**TASK REQUIREMENTS**
Once you find the line with "Check publishers policies" in the data that follows, repeat it and every line after it exactly, through the line with "journal articles".

**DATA TO PROCESS**
===============
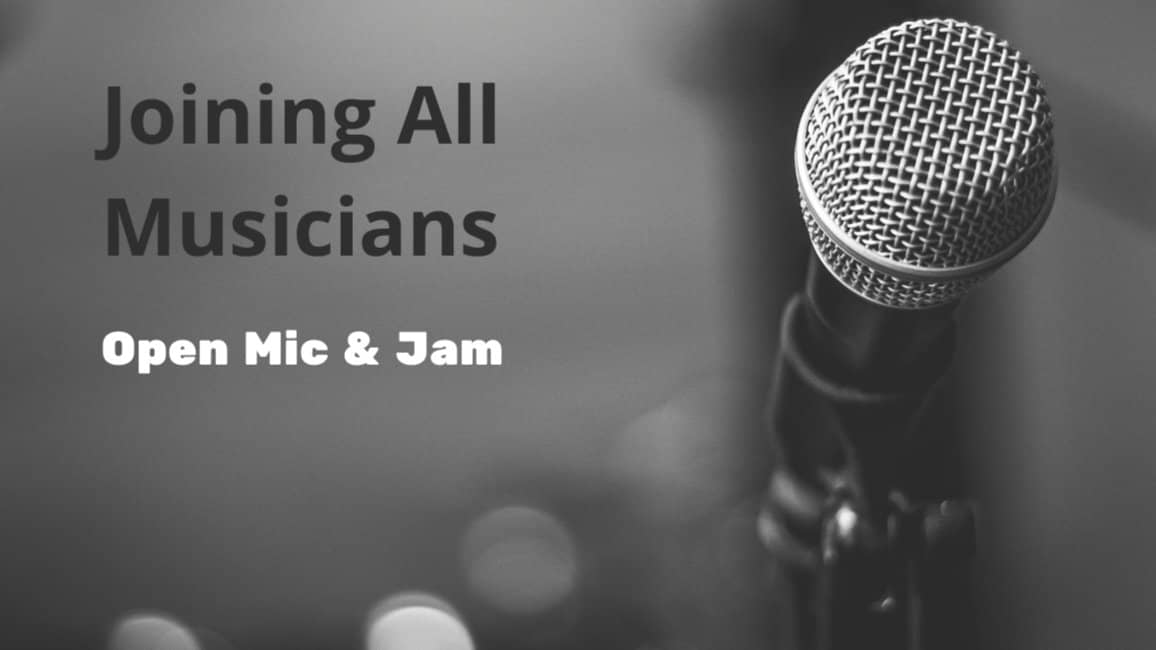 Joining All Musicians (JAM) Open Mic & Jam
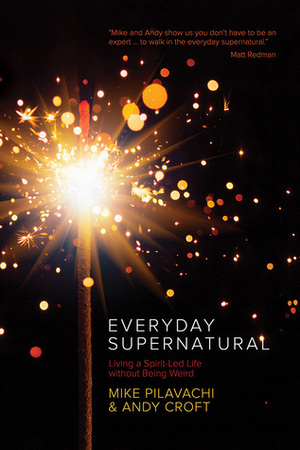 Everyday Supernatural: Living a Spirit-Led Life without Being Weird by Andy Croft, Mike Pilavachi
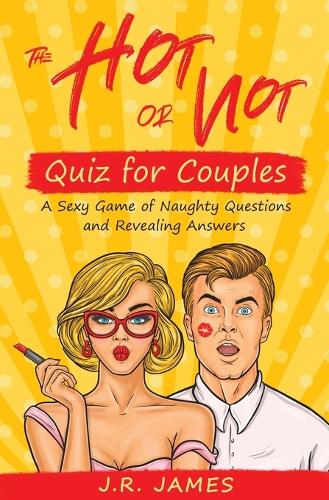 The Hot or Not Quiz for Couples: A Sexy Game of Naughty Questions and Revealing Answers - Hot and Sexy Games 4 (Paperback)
===============
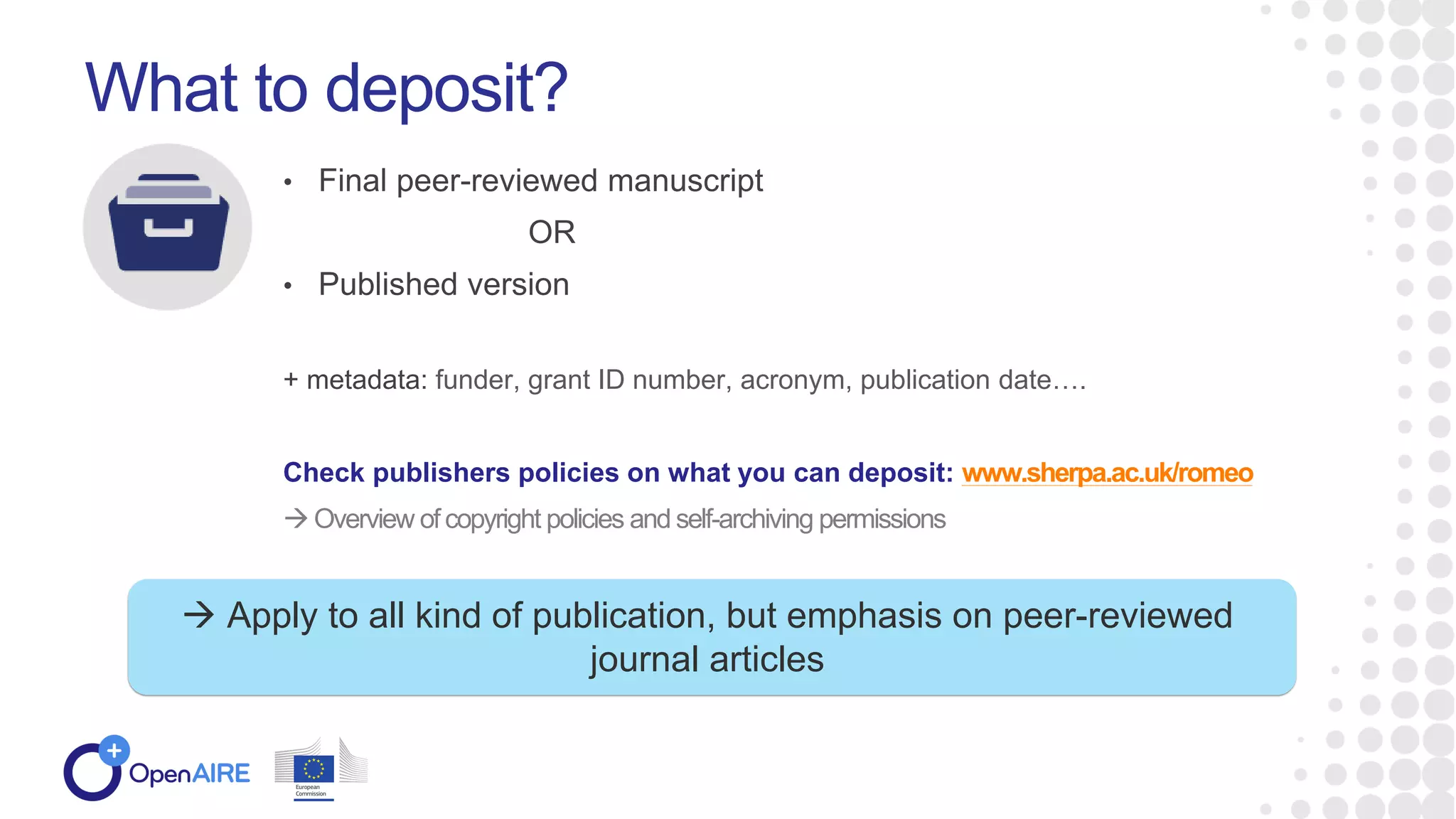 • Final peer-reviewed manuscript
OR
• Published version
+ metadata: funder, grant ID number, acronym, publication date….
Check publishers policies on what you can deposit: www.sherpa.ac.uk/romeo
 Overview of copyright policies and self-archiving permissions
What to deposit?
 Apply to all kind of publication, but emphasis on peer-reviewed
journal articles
===============
**SOLUTION FOR THIS EXERCISE**
Check publishers policies on what you can deposit: www.sherpa.ac.uk/romeo
 Overview of copyright policies and self-archiving permissions
What to deposit?
 Apply to all kind of publication, but emphasis on peer-reviewed
journal articles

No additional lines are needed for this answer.